What every opportunity is rated on.

Dimension 01 of 5

Impact

Value toward the goals THIS executive stated in the profile — not abstract industry value. An opportunity that would transform a workflow the company does not care about is low impact here.

high

Directly advances a stated top goal or relieves a stated top pain.

  • Targets a workflow the profile marks as high-volume, high-cost, or explicitly painful
  • The executive named this problem (or its metric) as a goal or frustration
  • Benefit reaches a whole function or the company, not one person
medium

Clearly helps a stated goal, but indirectly or within a limited scope.

  • Supports a stated goal one step removed (enables, speeds, or de-risks it)
  • Scope is one team or one segment of the workflow
  • The pain is real in the profile but not among the top items stated
low

Real but marginal value; does not map to anything the executive stated.

  • Convenience or polish rather than a stated pain
  • Touches a low-volume or rarely-run workflow
  • Worth considering mainly as a low-stakes learning pilot
Dimension 02 of 5

Implementation difficulty

Effort and complexity for a competent small team to reach a working pilot at THIS company, given the systems and constraints in the profile. Not the difficulty of a full production rollout.

low

A well-trodden build with the pieces already in place.

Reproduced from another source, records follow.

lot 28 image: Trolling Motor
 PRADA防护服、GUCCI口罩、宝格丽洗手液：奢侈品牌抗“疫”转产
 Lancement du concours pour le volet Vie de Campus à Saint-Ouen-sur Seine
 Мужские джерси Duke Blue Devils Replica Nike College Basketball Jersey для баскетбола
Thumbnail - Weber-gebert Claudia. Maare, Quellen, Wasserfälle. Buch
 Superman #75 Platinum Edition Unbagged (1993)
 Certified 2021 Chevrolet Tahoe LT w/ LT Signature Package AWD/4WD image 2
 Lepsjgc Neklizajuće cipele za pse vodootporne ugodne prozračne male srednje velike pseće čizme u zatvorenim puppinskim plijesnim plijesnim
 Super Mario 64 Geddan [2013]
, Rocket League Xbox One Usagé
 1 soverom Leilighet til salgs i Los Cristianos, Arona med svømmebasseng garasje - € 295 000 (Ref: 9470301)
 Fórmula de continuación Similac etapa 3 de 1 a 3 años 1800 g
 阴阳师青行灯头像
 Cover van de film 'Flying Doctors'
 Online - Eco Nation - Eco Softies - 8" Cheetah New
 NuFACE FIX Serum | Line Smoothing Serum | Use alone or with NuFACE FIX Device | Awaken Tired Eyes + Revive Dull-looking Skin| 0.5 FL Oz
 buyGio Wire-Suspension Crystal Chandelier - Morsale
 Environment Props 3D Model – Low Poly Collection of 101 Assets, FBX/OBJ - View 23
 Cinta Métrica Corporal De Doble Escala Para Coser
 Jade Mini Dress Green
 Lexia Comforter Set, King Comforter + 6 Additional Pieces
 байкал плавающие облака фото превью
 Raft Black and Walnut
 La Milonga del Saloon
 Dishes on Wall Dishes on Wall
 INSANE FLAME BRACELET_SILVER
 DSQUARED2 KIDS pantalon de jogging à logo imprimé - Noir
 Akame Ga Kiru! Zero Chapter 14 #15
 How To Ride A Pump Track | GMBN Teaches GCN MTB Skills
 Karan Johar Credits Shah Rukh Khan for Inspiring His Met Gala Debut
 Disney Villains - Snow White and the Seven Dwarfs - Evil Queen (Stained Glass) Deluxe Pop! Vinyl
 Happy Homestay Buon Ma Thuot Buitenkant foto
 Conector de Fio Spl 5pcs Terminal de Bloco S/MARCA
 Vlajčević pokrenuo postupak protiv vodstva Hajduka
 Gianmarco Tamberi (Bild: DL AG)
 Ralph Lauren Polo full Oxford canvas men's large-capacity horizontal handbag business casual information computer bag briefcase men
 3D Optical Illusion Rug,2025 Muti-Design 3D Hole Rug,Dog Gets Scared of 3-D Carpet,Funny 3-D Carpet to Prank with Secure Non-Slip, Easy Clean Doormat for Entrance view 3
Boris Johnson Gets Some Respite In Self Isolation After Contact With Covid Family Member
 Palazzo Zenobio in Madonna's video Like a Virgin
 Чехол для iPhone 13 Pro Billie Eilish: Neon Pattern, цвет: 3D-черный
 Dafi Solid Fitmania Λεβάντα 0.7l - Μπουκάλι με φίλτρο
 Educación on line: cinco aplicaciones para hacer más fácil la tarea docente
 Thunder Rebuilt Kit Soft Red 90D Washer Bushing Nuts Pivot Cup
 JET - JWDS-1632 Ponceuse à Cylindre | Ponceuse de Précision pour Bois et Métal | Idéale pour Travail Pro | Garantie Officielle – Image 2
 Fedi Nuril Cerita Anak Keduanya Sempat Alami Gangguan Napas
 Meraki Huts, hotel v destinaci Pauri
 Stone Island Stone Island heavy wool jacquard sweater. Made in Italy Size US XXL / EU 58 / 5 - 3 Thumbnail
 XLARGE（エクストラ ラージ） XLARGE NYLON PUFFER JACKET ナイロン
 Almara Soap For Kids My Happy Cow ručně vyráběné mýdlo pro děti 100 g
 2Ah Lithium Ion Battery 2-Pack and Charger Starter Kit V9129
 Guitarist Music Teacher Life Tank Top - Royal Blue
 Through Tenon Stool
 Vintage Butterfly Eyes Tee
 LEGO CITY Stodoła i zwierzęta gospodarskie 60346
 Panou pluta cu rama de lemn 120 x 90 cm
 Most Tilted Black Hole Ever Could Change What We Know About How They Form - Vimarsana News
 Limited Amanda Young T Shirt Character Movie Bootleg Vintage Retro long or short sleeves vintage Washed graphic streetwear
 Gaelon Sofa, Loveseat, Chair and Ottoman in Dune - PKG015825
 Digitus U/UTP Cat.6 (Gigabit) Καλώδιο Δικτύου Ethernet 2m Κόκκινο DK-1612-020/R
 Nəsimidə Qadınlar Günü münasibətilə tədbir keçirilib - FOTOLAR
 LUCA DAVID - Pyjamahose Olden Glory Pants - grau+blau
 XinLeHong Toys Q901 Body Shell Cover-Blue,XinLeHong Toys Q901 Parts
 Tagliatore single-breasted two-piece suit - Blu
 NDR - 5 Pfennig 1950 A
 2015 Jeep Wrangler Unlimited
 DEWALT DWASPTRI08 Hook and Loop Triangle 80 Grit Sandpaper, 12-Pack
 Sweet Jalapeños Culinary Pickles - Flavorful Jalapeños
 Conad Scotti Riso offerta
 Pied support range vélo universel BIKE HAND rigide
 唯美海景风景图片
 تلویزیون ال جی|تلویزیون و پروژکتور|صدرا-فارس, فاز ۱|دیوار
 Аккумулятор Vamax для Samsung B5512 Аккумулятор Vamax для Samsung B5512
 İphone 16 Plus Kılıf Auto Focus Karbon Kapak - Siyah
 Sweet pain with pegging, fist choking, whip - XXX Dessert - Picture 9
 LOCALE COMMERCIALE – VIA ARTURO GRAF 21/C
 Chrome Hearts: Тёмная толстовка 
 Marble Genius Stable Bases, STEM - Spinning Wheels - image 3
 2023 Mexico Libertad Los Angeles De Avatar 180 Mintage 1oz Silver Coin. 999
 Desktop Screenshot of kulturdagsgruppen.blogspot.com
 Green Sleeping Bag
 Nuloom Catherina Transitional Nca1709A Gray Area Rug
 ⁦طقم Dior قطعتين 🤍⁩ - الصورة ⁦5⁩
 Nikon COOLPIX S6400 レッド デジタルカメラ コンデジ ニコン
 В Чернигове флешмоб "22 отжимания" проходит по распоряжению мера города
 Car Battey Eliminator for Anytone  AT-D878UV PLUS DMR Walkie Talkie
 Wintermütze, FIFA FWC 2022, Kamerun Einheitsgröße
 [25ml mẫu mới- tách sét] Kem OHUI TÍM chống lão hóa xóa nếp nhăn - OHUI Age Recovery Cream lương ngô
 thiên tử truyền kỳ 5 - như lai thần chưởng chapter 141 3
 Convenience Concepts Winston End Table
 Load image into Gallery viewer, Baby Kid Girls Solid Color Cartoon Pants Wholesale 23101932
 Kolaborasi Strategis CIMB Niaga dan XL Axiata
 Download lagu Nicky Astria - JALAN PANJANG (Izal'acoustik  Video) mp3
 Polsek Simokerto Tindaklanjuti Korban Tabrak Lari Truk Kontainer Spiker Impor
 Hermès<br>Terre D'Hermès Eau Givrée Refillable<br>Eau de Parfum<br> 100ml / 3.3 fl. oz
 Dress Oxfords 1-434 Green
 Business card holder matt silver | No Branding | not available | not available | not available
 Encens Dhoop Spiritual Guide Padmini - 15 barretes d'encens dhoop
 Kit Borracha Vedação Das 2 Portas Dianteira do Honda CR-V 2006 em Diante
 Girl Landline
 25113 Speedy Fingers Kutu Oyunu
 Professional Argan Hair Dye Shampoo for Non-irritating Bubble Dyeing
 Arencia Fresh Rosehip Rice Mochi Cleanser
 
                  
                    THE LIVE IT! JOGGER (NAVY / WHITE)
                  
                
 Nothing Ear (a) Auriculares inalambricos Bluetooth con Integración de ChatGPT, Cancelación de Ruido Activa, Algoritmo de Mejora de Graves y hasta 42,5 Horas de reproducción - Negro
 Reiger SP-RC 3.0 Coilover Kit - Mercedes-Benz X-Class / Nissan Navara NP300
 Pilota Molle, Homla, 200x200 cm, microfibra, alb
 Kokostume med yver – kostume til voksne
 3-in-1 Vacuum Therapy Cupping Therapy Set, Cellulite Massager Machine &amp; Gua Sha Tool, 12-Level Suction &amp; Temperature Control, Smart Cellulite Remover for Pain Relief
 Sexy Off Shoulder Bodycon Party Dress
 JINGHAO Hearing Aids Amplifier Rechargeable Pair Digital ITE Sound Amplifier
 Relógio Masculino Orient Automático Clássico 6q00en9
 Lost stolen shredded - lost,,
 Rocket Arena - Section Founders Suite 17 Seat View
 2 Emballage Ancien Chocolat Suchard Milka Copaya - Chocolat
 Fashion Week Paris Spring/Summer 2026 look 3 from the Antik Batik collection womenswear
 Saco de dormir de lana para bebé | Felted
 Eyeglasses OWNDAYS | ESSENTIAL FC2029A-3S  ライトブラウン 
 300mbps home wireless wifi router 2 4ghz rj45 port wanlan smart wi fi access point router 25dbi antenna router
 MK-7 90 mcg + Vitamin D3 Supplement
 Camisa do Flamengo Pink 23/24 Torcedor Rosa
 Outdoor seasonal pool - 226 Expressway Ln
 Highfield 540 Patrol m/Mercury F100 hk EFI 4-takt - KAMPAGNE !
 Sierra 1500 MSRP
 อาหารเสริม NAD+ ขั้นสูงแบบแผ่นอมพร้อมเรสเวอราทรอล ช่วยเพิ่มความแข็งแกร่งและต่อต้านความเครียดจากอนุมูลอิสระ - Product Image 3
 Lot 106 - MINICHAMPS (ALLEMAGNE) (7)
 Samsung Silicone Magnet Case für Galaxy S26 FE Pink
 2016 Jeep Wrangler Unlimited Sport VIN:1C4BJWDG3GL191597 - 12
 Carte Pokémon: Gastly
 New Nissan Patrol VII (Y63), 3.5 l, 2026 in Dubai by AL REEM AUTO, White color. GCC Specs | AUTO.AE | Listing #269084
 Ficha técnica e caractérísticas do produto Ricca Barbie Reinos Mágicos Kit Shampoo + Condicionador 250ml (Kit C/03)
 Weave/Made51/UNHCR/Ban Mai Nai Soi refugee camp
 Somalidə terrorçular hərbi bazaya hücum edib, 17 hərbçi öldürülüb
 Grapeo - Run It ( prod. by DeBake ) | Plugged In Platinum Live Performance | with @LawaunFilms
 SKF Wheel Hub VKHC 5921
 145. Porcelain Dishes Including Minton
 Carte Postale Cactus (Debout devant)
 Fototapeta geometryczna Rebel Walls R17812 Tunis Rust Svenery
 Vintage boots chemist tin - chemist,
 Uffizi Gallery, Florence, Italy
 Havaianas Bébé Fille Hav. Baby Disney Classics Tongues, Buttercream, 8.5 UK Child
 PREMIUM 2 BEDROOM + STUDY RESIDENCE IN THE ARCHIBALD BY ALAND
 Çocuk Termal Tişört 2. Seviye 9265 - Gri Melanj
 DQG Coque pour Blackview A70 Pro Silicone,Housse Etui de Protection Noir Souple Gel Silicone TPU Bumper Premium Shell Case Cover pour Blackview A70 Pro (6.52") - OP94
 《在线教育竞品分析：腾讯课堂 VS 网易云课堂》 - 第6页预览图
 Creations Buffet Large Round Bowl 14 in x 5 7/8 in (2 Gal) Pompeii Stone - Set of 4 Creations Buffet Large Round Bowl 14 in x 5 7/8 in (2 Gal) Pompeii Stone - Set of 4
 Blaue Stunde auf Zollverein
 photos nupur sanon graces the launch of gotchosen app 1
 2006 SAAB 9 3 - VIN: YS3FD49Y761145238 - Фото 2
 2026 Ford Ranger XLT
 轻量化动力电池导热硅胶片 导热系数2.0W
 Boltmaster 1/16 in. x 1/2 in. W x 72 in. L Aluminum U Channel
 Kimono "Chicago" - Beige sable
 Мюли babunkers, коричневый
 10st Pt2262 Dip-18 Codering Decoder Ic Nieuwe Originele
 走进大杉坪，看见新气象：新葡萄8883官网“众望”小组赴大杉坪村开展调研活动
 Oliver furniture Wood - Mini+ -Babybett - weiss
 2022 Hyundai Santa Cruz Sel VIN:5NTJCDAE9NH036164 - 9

  • Single workflow; one system integration or none (manual bridging acceptable in a pilot)
  • A human reviews every output, so accuracy requirements are forgiving
  • Established archetype with a known shape — little invention required
medium

Achievable but with real integration or data preparation work.

  • Two or three systems must connect, or meaningful data cleanup comes first
  • Some workflow redesign — people change how they work, not just what tool they use
  • Output quality must be evaluated before the team can trust it
high

A serious build: deep integration, heavy data work, or organizational change.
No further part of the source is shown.